Text Size

Sosakonline Archive

Please note that all content in this section has been imported from our old Sosakonline website and may contain broken links. We are revising it as we can, but these things take time, and it's a lot of content to get through!

Rope Tensioners

With camping and outdoor season upon us in my neck of the woods I thought I would take a close look at some of the various methods available for securing ropes for people like me- the unskilled at knot tying. Amusingly enough, I work in the shipping industry, often verifying the security and integrity of cargo, so you’d think I would know a bit about knots. This is not the case, and my personal knot repertoire is limited to granny and slip knots. So, since I’m sure I can’t be the only SAK collector who spends time outside and appreciates a good method of safely and quickly securing a rope, I thought I would have a look at a few different types.

 

The first type I’d like to look at is the NIte Ize Figure 9 Carabiner. I have two different sizes of these and I find them almost invaluable. Basically the two models are identical other than size, and they use friction to secure the open end of a rope. Basically you just clip the carabiner onto whatever you want to secure the rope to (or its other end for a closed loop) then wrap the rope around the hook, under the bottom and wedge it into the graduated, toothed hook and the rope is instantly secured. When camping I use the large ones to secure a tarp as a wind brake or impromptu shelter, and occasionally even as an adjustable length rope for tensioning my tent. 

 

The smaller ones stay pretty close to my kayak for use when portaging. Anyone who has ever portaged a 17 foot boat by themselves appreciates the value of the small folding carts available, but probably also curses the straps they come with. Mine came with two 10 foot straps, both of which need to be uncoiled before each use, and re-coiled afterwards, taking away time I’d much rather be in my boat, so I looked for other options. Initially I switched to bungee cords, but they were only useful on flat terrain, as any bumps in the path would skew the cart to one side or the other, and as I’m sure most of you know, few paths in the woods are completely rock and root free! Eventually I discovered the Figure 9 Carabiners, bought a couple of small ones and since then have used nothing else to secure my boat to the cart. Unlike bungee cords, the cord doesn’t flex, meaning the cart stays straight, and unlike the straps I can just wrap them around the boat and cart, secure them in a second and be on my way- no unwrapping straps, feeding lots of extra length through the buckle etc.

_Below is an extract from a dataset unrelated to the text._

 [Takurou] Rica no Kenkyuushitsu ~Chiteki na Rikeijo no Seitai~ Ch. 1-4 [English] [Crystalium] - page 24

Looking an awful lot like the bizarre offspring of a Figure 9 Carabiner and a Spyderco knife is the Gator Cleat by Chestnut Tools and sold almost exclusively through Lee Valley Tools. This unit appeals to me for a number of reasons, not the least of which is that it’s made right here in Canada and available through one of my favourite shopping places, Lee Valley Tools. The Gator works pretty well the same as the friction lock of the Figure 9 Carabiner, although offers two friction locking areas instead of one, and a few extra holes for a bit greater versatility when tying things down. It’s pretty lightweight being made of aluminum and the one I have is red anodized meaning it’s hard for even me to misplace!

 

The last one I want to look at this month is also from Nite Ize, and it’s called the Knot Bone. When it comes to ideas that are so simple and effective that you have to wonder why the heck you never thought of it, this one should rise to the top. Basically it’s a small dog bone shaped hunk of plastic with some notches and holes cut in it at different points to allow small cord to be fed through, wrapped around and locked into place. It can be used in the same types of places as the above units- from adjusting length of lines to securing one cable to another, to allowing for a certain amount of slip in a cable. They are really hard to describe and really need to be demonstrated or experimented with to really see the appeal. They are dirt cheap though, and sold in a four pack with a good length of cable, so well worth picking up and experimenting with yourself.  Check out the Pock-Its store on EDCSource for these and other handy Nite Ize/ Pock-Its products.

 

All in all, these three little gadgets may not be life savers, but they certainly are handy to have around, and I’d suggest getting a few, even if you do know a lot about knots- these little gadgets make things a lot faster to tie or untie pretty well anything up.